Preocupados seguramente, un día el señor Tetsushi y la señora Sachiko, sus papás, le preguntaron por qué no hacía lo mismo que el resto de sus amigos, con vidas seguras trabajando en oficinas y cumpliendo horario. Kosuke Okahara, todavía en Cali, recordaba el episodio sonriente mientras contaba que después de tanto insistir y hacer malas tomas y volver a intentar y enfocar de nuevo, un día de repente sus fotos empezaron a ponerle comida en la mesa.

 Ahora Kosuke no solo las vende sino que a veces lo buscan para que exponga su trabajo en conferencias y cuente la forma en que ha conseguido hacerlo. Y ya, también, le representan becas y premios internacionales. El año pasado ganó el Pierre & Alexandra Boulat Award, que subvenciona los proyectos fotográficos que no cuentan con un apoyo fijo dentro de los medios de comunicación. 
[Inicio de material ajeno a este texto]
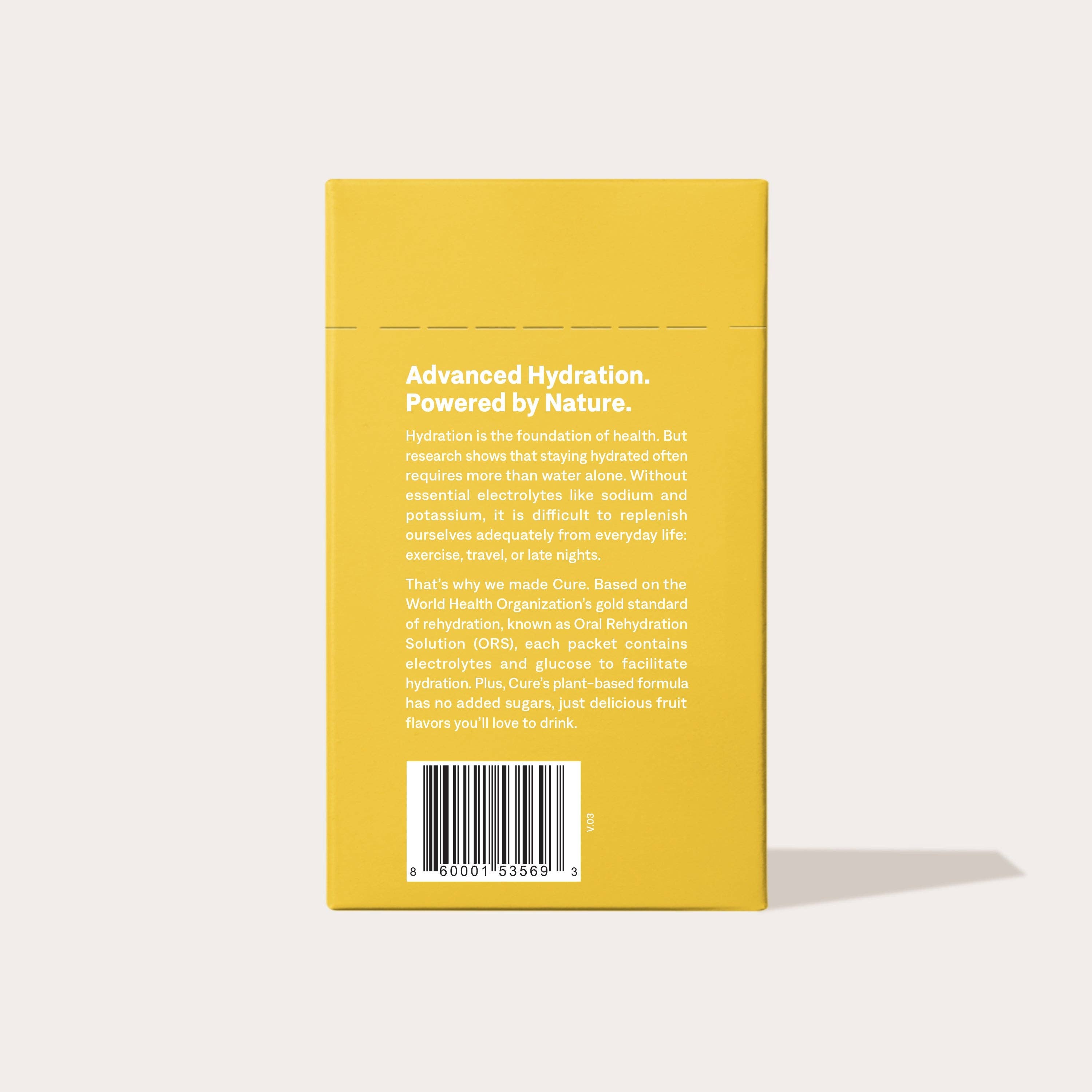 Cure Hydration - Wholesale Powdered Health Drink - Hydrating Electrolyte Drink Mix Lemonade 8ct
3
El expediente que a estas alturas tiene de la guerra de la droga en Colombia, sirvió de base para su propuesta: contar el “fin sin ciclo de la violencia en Cali”. Por eso llegó a la ciudad. Y por eso no le importa del todo que ningún periódico le compre las fotos que hizo. La pregunta que una vez le hicieron sus papás, inquietos por el futuro, ha ido quedando resuelta foto a foto, click a click, risa tras risa. Cuando termina un viaje, Kosuke siempre vuela a Francia para encontrarse con su mujer, que enseña comida japonesa en París. Allí comparten un diminuto departamento. Quieren tener un hijo. El día que eso suceda, sin duda, el fotógrafo será un gran profesor.